Le Directeur Général de la Police, Ansoumane Camara, a reçu en audience ce mercredi, le « collectif des femmes de Guinée pour la paix », sur l’épineuse question d’identification des auteurs des tueries pendant les manifestations politiques. Au cours des échanges, Ansoumane Baffoé a exprimé son souhait d’impliquer ces femmes dans une synergie d’actions pour aider la police à « démasquer ceux qui tuent et ceux qui commettent des violences »

Pour Sekou Koundouno, responsable des stratégies et planification du FNDC, cette volonté du patron de la police guinéenne, est paradoxale. Le frontiste indique que c’est une « diversion » car selon lui, c’est la police même qui dissimule la vérité sur ces crimes. 

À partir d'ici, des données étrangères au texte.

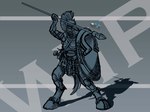 anthro armor cape clothed clothing crest_(heraldry) cuirass fantasy_armor gladius hooves horseshoe lorica_(armor) melee_weapon pauldron polearm shield solo spear symbol tail weapon drqube equid equine horse mammal 2025 4:3 absurd_res hi_res sketch unfinished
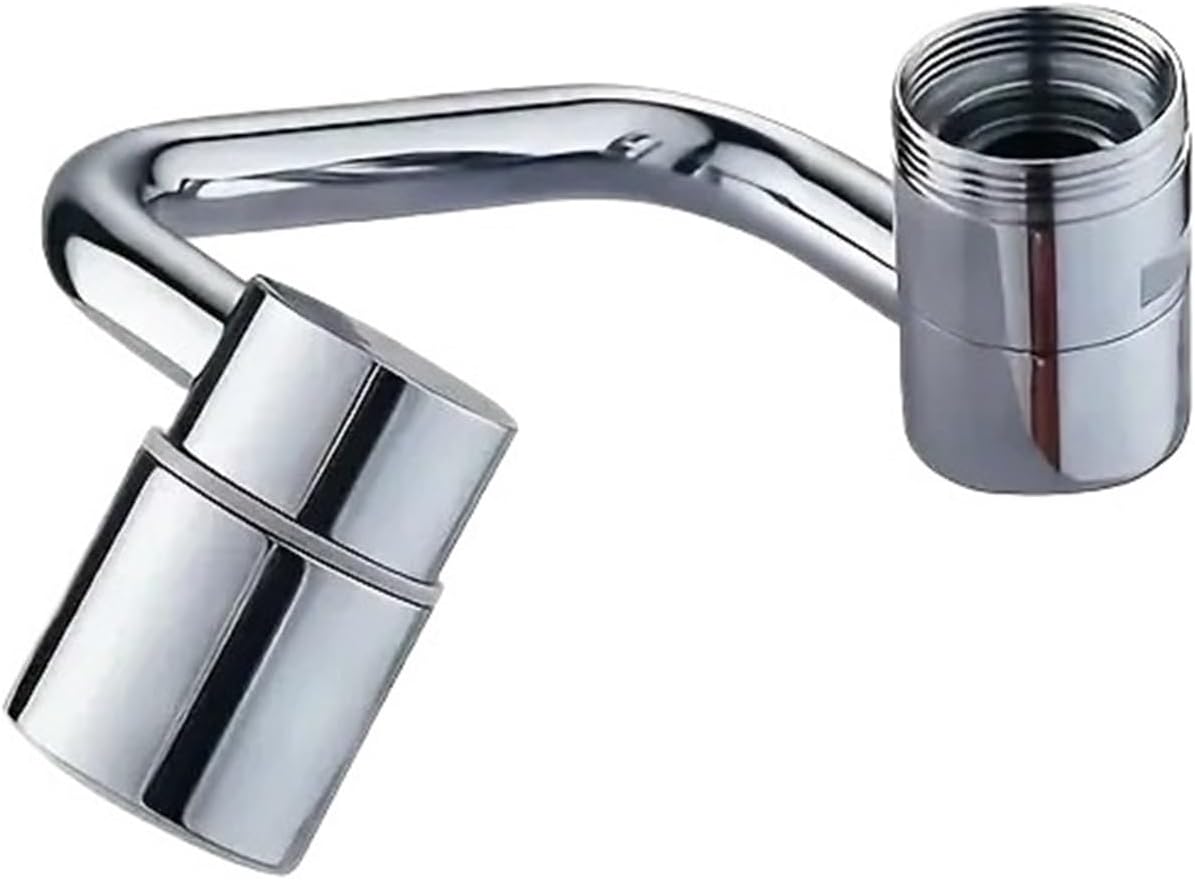 Swivel Stainless Steel Kitchen Faucet Extender Universal Splashproof Dual Mode Bathroom Sink Accessories with Adapter(Silver)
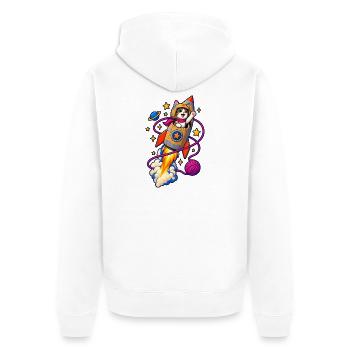 Karton-Orbit - Unisex Premium Bio Zip Hoodie - Weiß - Hinten - Thijin (182cm)
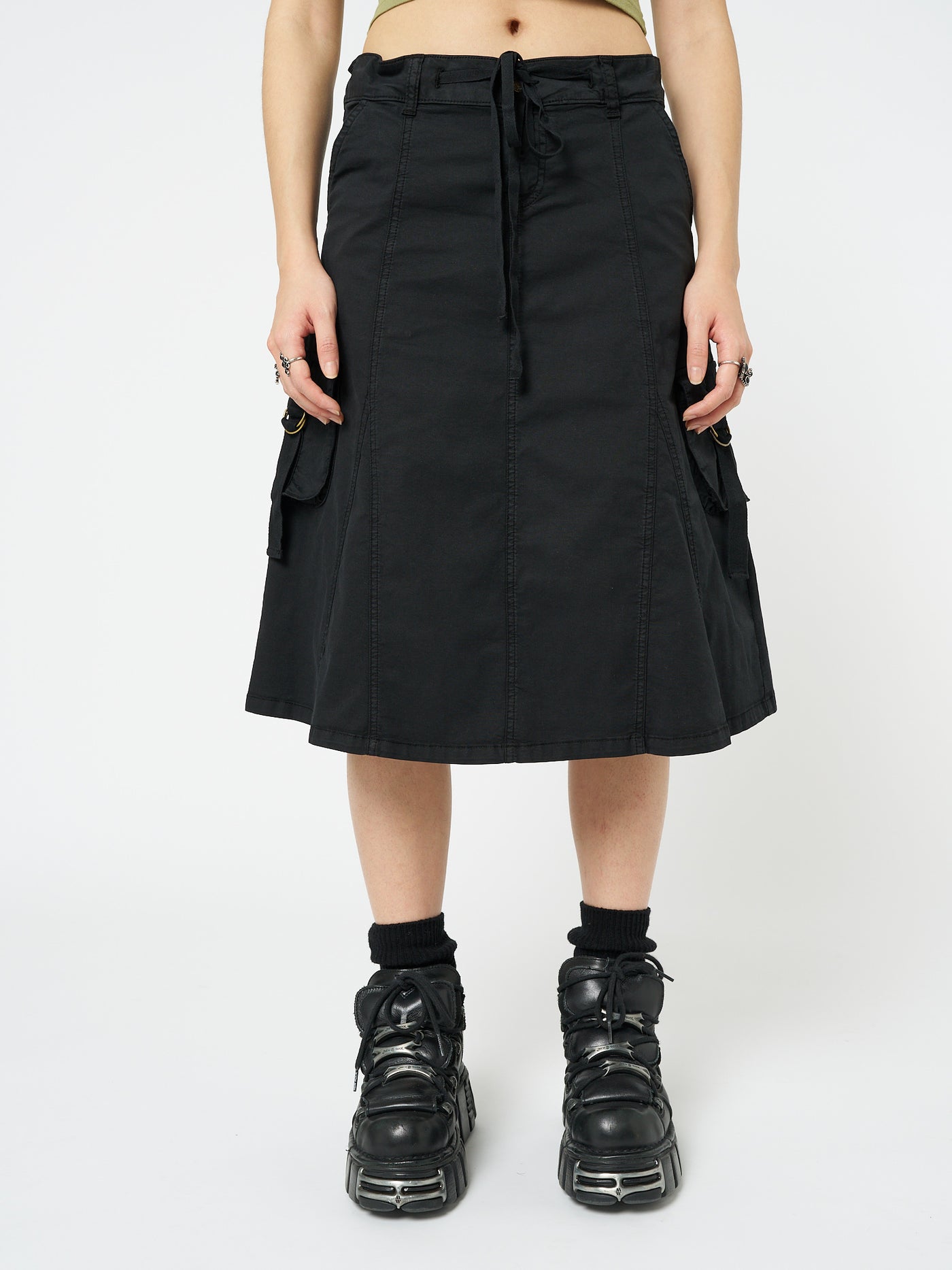 Fae Black Cargo Midi Skirt - Minga London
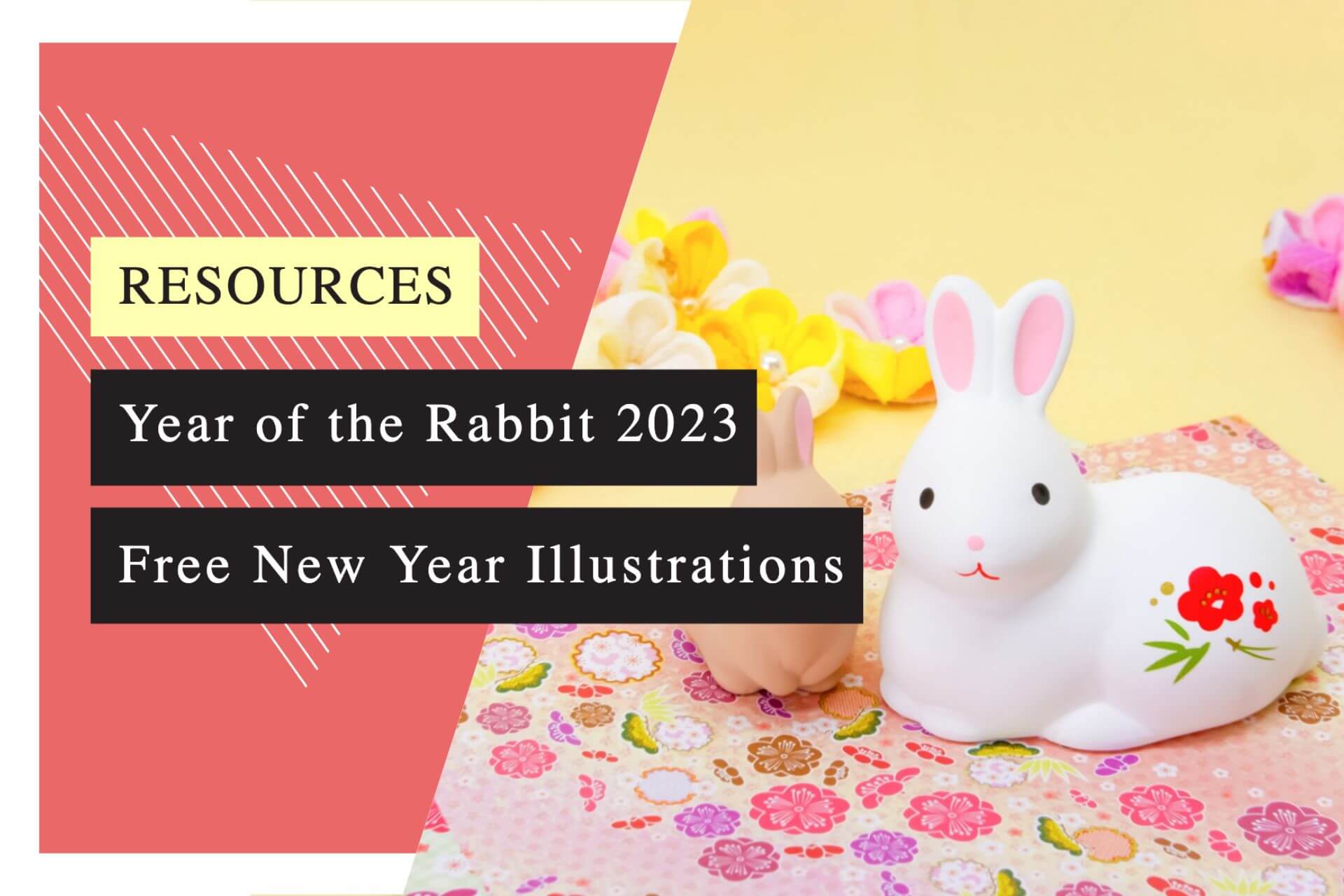 Year of the Rabbit 2023 Freebies: Download 3 Types of Free New Year Illustrations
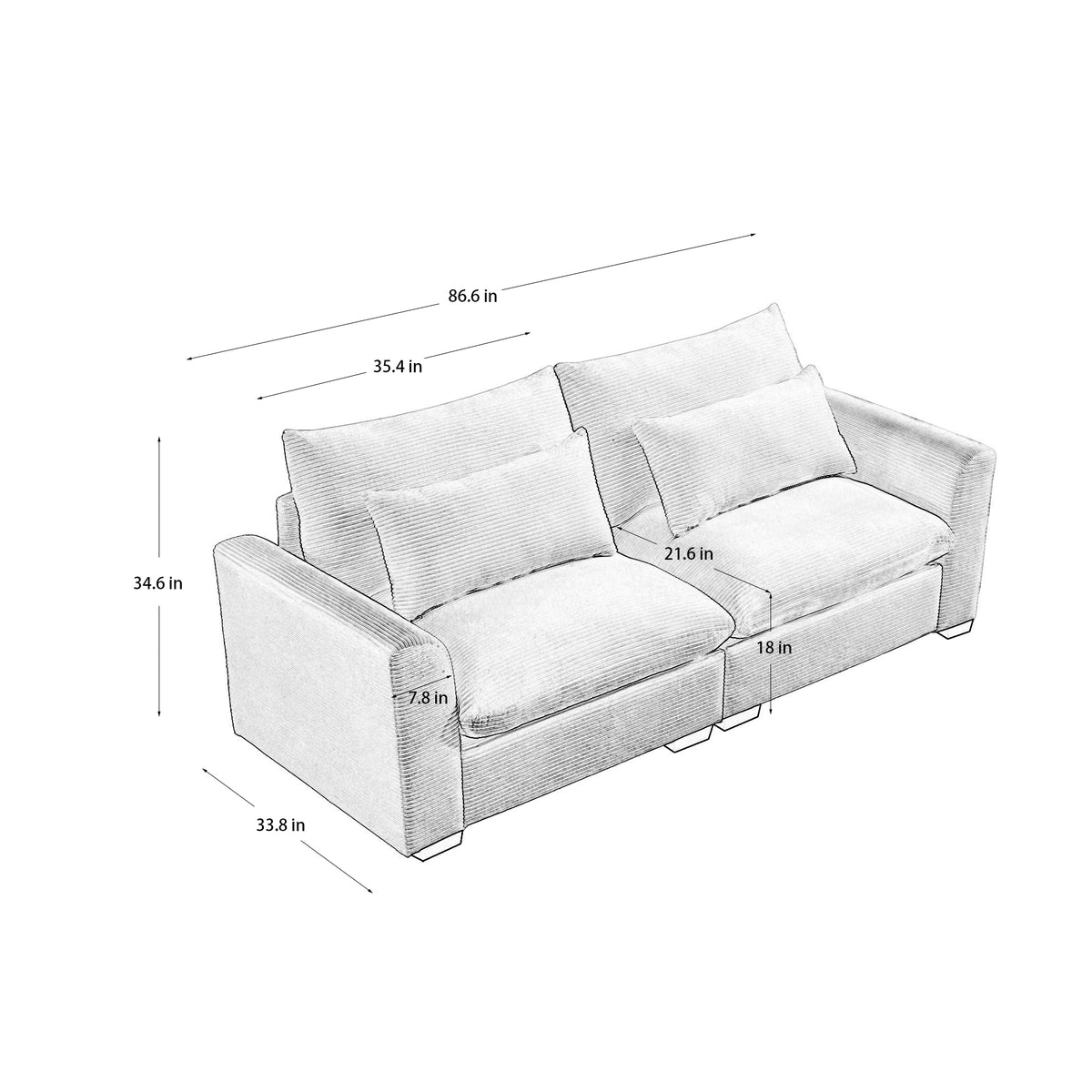 Modern Sofa 2 Seater Corduroy Fabric Sofa With Armrests For Apartment Living Room, Bule Blue Corduroy 2 Seat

« C’est le monde à l’envers. Comment comprendre que la police qui tue et persécute les opposants au 3ème mandat peut se permettre de demander aux citoyens d’enquêter sur une telle institution démissionnaire ? C’est une diversion qui ne marche plus en Guinée. Je pense que M. Bafoe commence à réaliser que l’étau se ressert autour de lui du fait que le CPI ouvre une enquête préliminaire sur les nombreux crimes de sang dont il fait partie des commanditaires. Ce sont eux qui cachent derrière eux les résultats d’autopsie en vue de dissimuler la vérité aux familles dont les enfants ont été lâchement assassinés par les forces de l’ordre aux ordres de sa hiérarchie », déclare-t-il.

Koundouno voit à travers cette démarche du Général Baffoé, une preuve qui met à nu la corruption au sein de la police et des autres institutions guinéennes, mais aussi qui démontre la nécessité d’une juridiction impartiale et étrangère pour rendre justice à toutes les victimes : « La mise en scène qu’il est en train de faire avec ces femmes est une mauvaise communication dans la mesure où ça renforce l’argument que seule une juridiction impartiale comme la CPI peut rendre justice aux victimes.Toutes les institutions Guinéennes y compris la police sont corrompues », confie-t-il.

« Baffoé peut donc continuer à soudoyer des femmes pour l’aider à nier l’évidence mais qu’il n’ignore point que la CPI est désormais à sa trousse pour sa responsabilité dans la chaîne de décision des tueries de manifestants contre un mandat de trop en Guinée », alerte le responsable du FNDC.